Data excerpts

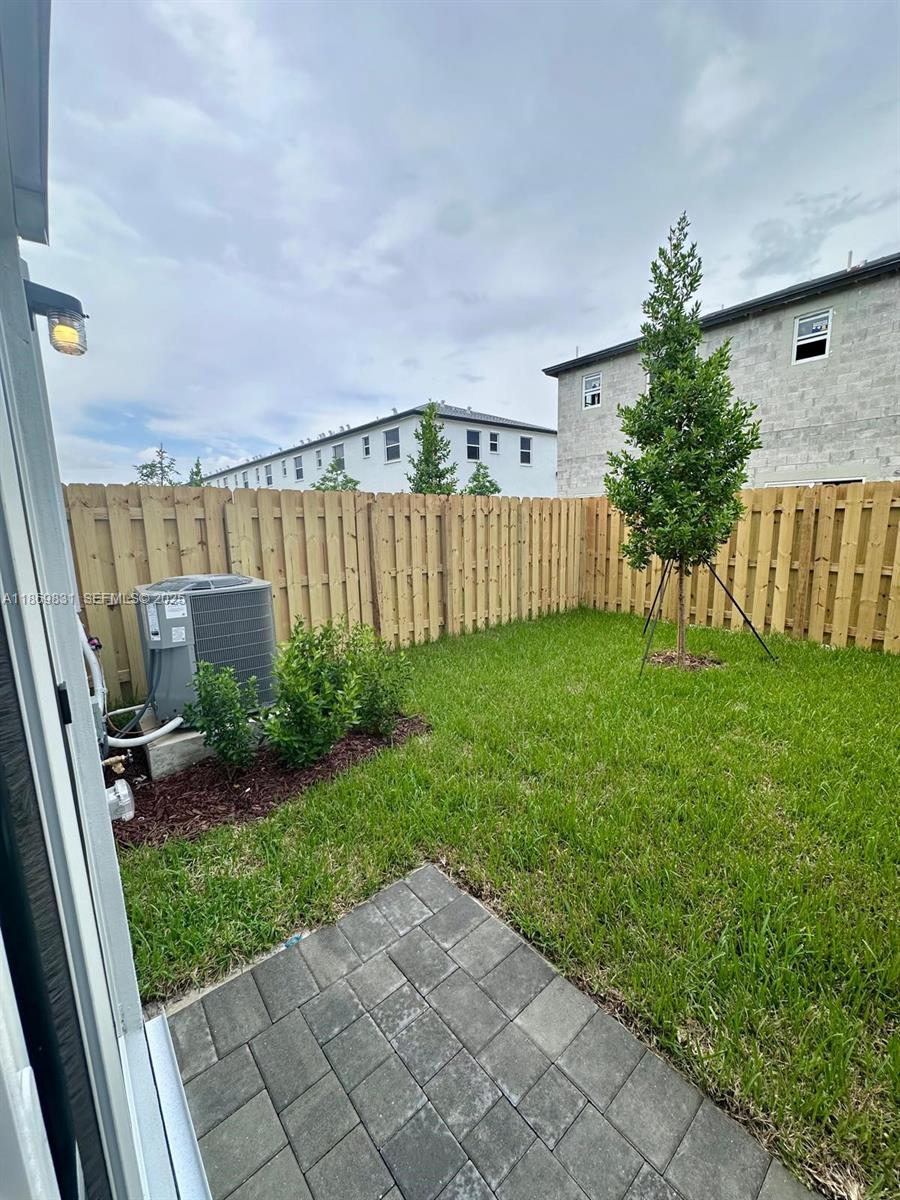 35702 Southwest 178th Court, Unit 35702 Homestead, FL 33034 - Photo 36 of 38 a backyard of a house with lots of green space and plants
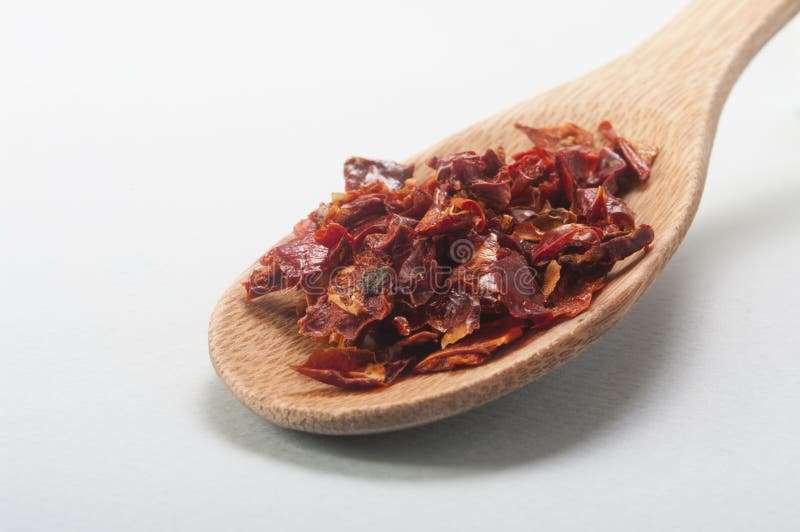 Chili peppers wooden spoon stock images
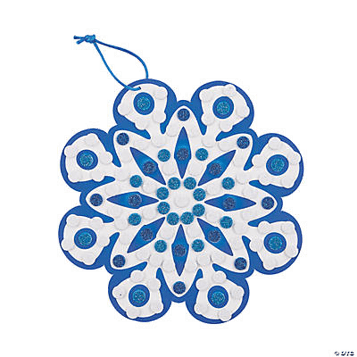 Blue and white snowflake design on a transparent background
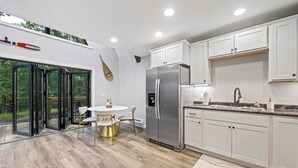 A modern kitchen with white cabinets, a stainless steel refrigerator, and a dining area with a glass door leading to a garden. - Wanderlust A Frame - Lake/ Beach/ Golf/ Pool/ Trails in Alpine Lake (Terra Alta)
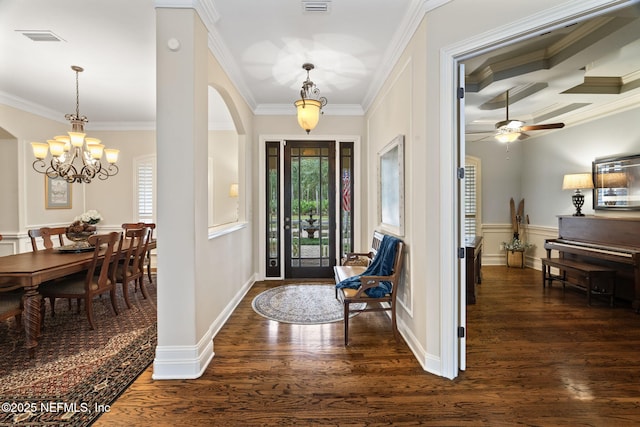 foyer entrance featuring an inviting chandelier, dark hardwood / wood-style flooring, ornamental molding, coffered ceiling, and beam ceiling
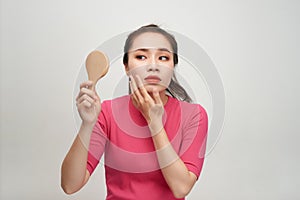 Woman holding a mirror, touch and worrying about her face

● **Try it**:
Find the line that contains "Blue and white" and repeat it, along with every line after it to the end of the data, exactly; drop the pictures.

● **Solution to this problem**:
 Blue and white snowflake design on a transparent background
 A modern kitchen with white cabinets, a stainless steel refrigerator, and a dining area with a glass door leading to a garden. - Wanderlust A Frame - Lake/ Beach/ Golf/ Pool/ Trails in Alpine Lake (Terra Alta)
 foyer entrance featuring an inviting chandelier, dark hardwood / wood-style flooring, ornamental molding, coffered ceiling, and beam ceiling
 Woman holding a mirror, touch and worrying about her face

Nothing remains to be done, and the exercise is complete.